Originally the limitanei were full time professional soldiers like the comitatenses. However, over time most limitanei units would become permanent residents. They began intermarrying with the locals, forming small villages, and planting crops to supplement their income. In this way the limitanei evolved from professional soldiers to landed residents and militiamen. The limitanei were armed with a short sword, dagger, spear, a few javelins or archery equipment, a circular shield, and helmet. Typically the limitanei lacked armor, being light infantry who needed to move quickly and act at a moment’s notice. Whereas the comitatenses were regular infantry, the limitanei were more like independent corps of self sufficient frontiersmen and minutemen. One could imagine news of a Goth raid occurring at the border, and the limitanei scrambling from their homes and gathering their equipment to go out and chase down the raiders. On the regular battlefield, limitanei were often attached to comitatenses units as light infantry support, becoming known as pseudo-comitatenses.

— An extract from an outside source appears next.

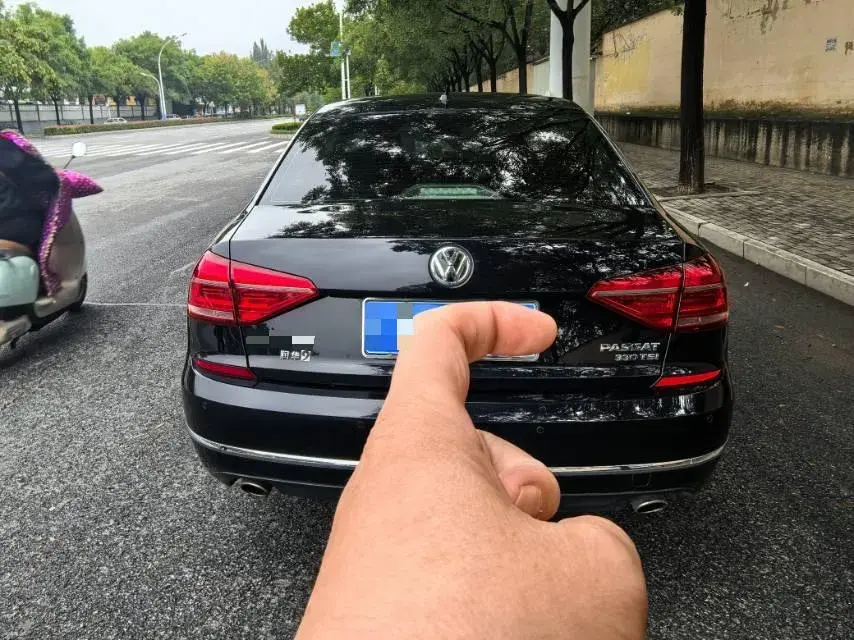 2017 VOLKSWAGEN PASSAT thumbnail 4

Unlike the limitanei, the comitatenses were heavily armed and armored. Typically the comitatenses infantryman was armed with a spear, a long sword called a spatha, a dagger, and a round shield. Where as the limitanei were typically unarmored, the comitatenses wore mail armor and in some cases scale armor.
Unlike earlier legions, the comitatenses no longer carried javelins, but instead used darts (plumbata) which could be clipped inside of a shield. They would throw their darts at the outset of combat, with the rear ranks continuing to rain darts upon the enemy after close quarter combat had begun.
In battle the comitatenses used tight formations, locking their round shields together into a tight shield wall with spears facing towards the enemy. Often they would form a double shielded formation called a fulcum which involved the front two ranks, one standing and one kneeling. Usually a regular shield wall formation was used while advancing, while the fulcum was a stationary defensive position. It wasn’t uncommon for light infantry armed with bows or javelins to act as front line skirmishers, much like the velites of the earlier maniple system. Before the regular infantry made contact with the enemy, they would harass the enemy by raining volleys of arrow and javelins upon them. They would then retreat to the rear of the shield wall, continuing their harassment of the enemy from relative safety.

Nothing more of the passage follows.